Ryan Avent on the role of financial journalists:
There is a growing sense of despair among some economic writers that policymakers will not do much more to bolster the flagging global recovery. And critics who note the limits of policy intervention have a bit of a point—not all of the shortfall in demand and employment can be fixed by government intervention. But much of it can be and should be. And if it isn't, that's not because we lack the ability to conceive of helpful policies. It's because policymakers are unwilling to do what they should be doing.
It's not the job of the economics journalist to take that as a given and declare that America will have to muddle through. It's their job to correctly identify the problem, and name the names of those causing it.
By "economic writers," I assume Ryan is talking mostly about columnists and pundits here. And he's right that it does, in fact, look as though political realities will prevent any serious additional government intervention to stimulate the economy. Those political realities include White House advisors who seem unsure what to do, a president who's unwilling to speak up forthrightly about the mess we're in, and a Republican Party that's either deep in the ditch of 19th century economic principles or else figures its best chance to regain power is to make sure the economy stays in the tank. Or both. It's hard to say without being able to read minds.
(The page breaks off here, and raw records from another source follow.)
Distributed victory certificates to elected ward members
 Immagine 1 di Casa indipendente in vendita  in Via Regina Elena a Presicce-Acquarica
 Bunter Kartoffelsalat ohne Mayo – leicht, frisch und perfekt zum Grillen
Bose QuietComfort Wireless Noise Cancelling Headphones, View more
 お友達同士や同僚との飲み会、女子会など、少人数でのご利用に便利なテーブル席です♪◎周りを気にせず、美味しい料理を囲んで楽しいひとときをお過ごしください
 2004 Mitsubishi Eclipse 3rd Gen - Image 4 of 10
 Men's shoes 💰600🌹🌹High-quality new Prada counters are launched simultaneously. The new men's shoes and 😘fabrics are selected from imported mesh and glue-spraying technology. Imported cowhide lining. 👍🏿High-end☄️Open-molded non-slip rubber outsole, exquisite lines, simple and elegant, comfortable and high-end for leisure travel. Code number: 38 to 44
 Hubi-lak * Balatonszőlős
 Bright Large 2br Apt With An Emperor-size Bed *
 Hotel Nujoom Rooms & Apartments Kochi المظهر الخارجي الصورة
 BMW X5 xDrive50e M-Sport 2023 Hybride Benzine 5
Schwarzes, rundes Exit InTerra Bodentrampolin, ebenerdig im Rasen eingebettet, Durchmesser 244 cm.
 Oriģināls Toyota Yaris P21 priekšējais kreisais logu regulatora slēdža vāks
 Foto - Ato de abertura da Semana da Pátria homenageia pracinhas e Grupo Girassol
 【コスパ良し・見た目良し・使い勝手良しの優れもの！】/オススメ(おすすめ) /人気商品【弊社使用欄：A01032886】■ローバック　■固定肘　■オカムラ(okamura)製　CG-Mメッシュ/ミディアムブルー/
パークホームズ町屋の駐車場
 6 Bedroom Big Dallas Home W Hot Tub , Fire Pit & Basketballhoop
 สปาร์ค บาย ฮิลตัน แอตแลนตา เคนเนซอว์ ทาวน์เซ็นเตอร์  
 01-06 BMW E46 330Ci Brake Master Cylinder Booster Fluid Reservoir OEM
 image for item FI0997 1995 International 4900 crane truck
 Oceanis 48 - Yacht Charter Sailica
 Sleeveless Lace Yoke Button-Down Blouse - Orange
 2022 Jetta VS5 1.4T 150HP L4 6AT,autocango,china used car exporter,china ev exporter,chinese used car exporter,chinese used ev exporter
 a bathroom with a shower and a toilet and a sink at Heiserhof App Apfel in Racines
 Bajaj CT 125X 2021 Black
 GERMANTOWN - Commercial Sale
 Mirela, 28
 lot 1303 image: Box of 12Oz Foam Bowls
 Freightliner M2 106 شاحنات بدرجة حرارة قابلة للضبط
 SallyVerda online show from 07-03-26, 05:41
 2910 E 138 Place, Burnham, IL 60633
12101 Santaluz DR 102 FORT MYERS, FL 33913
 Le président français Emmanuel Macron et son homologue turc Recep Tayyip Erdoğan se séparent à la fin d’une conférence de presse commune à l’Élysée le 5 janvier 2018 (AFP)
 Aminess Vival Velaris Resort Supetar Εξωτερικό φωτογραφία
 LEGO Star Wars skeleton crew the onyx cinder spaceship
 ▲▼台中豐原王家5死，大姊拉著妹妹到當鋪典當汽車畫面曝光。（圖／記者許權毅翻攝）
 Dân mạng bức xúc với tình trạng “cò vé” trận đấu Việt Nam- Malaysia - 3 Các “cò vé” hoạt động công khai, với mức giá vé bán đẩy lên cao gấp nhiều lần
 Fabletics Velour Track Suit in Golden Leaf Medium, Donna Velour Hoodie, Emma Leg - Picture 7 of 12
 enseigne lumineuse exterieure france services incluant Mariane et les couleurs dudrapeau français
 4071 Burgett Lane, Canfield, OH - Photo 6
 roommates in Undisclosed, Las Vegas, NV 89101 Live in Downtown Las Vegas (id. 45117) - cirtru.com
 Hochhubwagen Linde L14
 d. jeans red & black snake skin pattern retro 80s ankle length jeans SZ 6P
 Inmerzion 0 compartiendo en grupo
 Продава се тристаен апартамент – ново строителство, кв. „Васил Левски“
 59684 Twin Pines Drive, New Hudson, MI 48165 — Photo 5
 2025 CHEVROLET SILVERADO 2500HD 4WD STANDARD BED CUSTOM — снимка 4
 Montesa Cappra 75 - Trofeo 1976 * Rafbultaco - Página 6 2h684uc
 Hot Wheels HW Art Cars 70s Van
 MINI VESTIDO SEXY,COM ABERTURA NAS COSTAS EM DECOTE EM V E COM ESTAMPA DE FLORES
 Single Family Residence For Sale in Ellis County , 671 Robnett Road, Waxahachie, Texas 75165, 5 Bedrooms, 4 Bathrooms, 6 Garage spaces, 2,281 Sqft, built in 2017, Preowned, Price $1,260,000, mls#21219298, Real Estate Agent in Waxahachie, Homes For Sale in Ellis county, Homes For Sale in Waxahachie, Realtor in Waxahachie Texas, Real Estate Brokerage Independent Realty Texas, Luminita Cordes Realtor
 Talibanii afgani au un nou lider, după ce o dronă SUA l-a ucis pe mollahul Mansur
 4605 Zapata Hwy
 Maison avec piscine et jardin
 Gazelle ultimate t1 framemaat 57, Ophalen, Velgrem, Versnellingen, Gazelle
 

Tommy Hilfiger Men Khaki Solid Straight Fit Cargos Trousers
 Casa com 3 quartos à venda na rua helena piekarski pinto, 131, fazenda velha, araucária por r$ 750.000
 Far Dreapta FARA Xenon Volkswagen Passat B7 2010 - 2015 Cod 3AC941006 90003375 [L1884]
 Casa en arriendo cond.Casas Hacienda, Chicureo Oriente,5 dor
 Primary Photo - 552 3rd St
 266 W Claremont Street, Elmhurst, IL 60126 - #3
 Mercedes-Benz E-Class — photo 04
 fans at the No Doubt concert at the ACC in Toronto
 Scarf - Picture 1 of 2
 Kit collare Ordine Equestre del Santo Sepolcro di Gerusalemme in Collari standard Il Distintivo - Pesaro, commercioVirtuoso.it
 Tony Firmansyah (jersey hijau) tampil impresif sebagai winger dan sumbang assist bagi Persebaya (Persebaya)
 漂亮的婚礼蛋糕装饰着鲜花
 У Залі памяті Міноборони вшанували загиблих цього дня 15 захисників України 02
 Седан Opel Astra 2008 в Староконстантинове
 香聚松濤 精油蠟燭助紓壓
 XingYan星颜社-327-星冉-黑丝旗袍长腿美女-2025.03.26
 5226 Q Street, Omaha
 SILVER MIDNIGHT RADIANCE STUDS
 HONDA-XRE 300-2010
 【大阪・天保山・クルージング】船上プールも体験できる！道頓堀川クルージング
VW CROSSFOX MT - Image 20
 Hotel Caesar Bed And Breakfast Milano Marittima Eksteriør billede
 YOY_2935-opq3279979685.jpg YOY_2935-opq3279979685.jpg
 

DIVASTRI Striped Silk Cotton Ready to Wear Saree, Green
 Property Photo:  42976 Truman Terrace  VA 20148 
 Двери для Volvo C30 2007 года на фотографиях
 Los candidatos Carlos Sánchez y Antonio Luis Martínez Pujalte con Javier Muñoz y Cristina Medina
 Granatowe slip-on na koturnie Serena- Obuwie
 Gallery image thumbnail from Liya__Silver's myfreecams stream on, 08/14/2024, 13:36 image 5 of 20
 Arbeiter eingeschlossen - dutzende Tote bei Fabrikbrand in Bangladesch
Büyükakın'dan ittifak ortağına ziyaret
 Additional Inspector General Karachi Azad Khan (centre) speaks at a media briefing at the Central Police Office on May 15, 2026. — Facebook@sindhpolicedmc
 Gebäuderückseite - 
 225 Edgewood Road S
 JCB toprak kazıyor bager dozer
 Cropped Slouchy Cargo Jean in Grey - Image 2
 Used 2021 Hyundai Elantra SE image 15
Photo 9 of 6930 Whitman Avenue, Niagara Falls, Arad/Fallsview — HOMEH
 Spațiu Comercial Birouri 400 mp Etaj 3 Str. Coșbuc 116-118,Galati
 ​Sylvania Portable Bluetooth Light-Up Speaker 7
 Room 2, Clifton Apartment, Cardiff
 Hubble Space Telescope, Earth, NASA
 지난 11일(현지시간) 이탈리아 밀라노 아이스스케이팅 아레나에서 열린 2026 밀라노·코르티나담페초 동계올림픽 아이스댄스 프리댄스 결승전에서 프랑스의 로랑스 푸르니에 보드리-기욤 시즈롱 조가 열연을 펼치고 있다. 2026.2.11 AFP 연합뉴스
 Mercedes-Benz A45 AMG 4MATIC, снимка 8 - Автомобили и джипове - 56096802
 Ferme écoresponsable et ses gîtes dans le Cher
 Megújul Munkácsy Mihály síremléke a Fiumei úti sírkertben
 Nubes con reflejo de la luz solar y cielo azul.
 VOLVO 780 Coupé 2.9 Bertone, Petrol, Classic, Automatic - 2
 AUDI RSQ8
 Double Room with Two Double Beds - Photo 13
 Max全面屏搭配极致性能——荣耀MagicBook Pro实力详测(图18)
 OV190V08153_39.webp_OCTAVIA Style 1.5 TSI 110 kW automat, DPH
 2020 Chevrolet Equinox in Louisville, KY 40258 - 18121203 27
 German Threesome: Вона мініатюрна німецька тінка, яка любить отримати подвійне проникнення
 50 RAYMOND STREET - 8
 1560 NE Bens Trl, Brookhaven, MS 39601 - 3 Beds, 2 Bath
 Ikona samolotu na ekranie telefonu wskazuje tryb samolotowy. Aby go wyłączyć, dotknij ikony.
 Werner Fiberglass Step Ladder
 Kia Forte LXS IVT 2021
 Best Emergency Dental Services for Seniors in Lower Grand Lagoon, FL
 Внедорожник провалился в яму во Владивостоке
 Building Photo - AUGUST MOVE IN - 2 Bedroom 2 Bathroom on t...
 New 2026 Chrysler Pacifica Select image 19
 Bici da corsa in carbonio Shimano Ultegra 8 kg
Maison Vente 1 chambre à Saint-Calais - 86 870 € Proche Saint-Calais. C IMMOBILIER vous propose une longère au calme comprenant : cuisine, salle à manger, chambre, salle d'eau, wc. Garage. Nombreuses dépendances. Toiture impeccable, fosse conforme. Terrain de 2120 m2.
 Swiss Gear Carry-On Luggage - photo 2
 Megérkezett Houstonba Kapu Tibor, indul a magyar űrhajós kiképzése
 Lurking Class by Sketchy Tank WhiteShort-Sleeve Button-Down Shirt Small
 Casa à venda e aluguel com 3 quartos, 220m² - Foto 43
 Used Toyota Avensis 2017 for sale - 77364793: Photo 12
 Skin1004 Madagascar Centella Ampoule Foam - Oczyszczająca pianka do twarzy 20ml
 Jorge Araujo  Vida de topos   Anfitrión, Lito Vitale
But while columnists certainly have a responsibility to explain political realities to their readers, they have an even stronger responsibility to explain the economic realities as they see them. If they legitimately think there's nothing more that can be done, fine. But if they don't, they shouldn't use politics as a cover for throwing up their hands. The federal government can't wave a magic wand and make everything OK, but there are still plenty of things left in its armory. We don't have to accept 8-10% unemployment for the next four years if we don't want to.